I'm confused about u. I'm trying the move dyaubQ but when I try it out the replaced piece never ends up where I expected it too, on it's original square.

The problem you are running into here is that locust capture of a friendly piece is used by the Diagram for encoding castlings. (As a locust capture by the king of its own rook. That allows indicating both the castling partner and the King destination.) So when the GUI performs the move that you entered, it tries to castle with the captured piece, and would relocate it even when there would not have been a u.) The u modifier is officially defined only for unloading the piece that was captured at the end of the move. (This to side-step the issue what we should unload when multiple pieces are captured.)

I am not sure what you are trying to achieve here. If u would have been defined as unloading the last (or only) victim that was captured during the move, the described move would unload the victim at the square it was captured (and then steps back one square). Are you trying to use this as a method for hopping over (or in this case bouncing back from) friendly pieces only? I guess it would be nice if (say) dyaufQ could be used to describe a Grasshopper that can only hop over friendly pieces, and cyaufQ for only hopping over enemies. I suppose the definition of u could be adapted to always unload the last piece that was captured before it, and if none was captured, the first piece captured after it. (And then exclude that piece from relocation by any following u.) That way you could always slip in as many cau and dau combinations you want, as alternative to pa. I could of course limit the interpretation of friendly locust capture as castling by the GUI to pieces that acually have castling defined as one of their moves.
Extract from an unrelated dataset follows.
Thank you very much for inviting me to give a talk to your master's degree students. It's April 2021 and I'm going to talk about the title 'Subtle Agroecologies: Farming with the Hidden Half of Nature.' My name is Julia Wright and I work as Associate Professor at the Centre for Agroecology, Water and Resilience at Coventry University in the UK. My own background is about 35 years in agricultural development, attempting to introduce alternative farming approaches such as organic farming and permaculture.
It seems something else is wrong too, as I have to enter the first leg twice as locust square, before the final destination gets highlighted. This could be a consequence of that unload squares must also be clicked (e.g. the Valkyrie from Odin's Rune Chess allows relocation of the captured piece anywhere along the path of the move, and you will have to indicate where. So with afudQ it first lets you select the (empty) unload square, and then the (friendly) victim at the final destination. So I guess it first prompts you for the locust victim, and then for the unload square. Which is a bit silly when these must be the same according to the move description. I can streamline this, but with end-point victims only this situation was not supposed to occur.
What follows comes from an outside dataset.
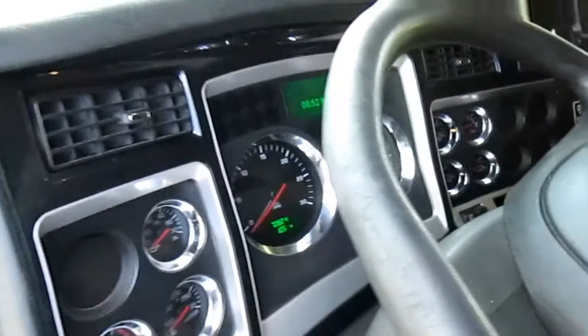Got the nice Kenworth new style dash. These units do have refrigerators in the sleeper, double bunks. Windows on top there. Refrigerator down below. Nice amount of storage space back here. Here's your TV stand up there. Here's to control your Tri-Pak APU unit.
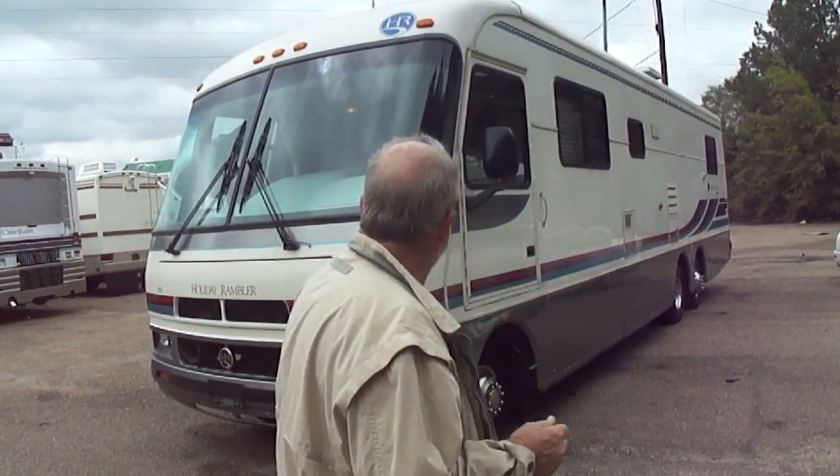Today, folks, we're going to list just a really nice motorhome that anyone can buy and anyone can afford. We're going to list a '94 Holiday Rambler. It is damn 34 foot long.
[Edit] I did reserve the castling interpretation of friendly locust capture now for pieces that can castle. This means you can at least now define such moves on other pieces. But of course such captures are not likely to occur in a variant as such, as the players would avoid those like the plague. That becomes different when the piece reappears somewhere else. Problem is that the internal move representation of the GUI only has a single locust square, and it is already used to indicate the locust capture. When it points to an empty square it is interpreted as an unload. Of course an unload on the same square as the capture really is a no-op; it just becomes a simple (hopper) move, and the e.p. square would not have to be set or indicated at all, just as for entering hops you don't have to indicate the mount. So the highlighting function should be changed to treat locust capture + unload on the same square the same as a hop, the only difference being that it tests whether the victim has the right color.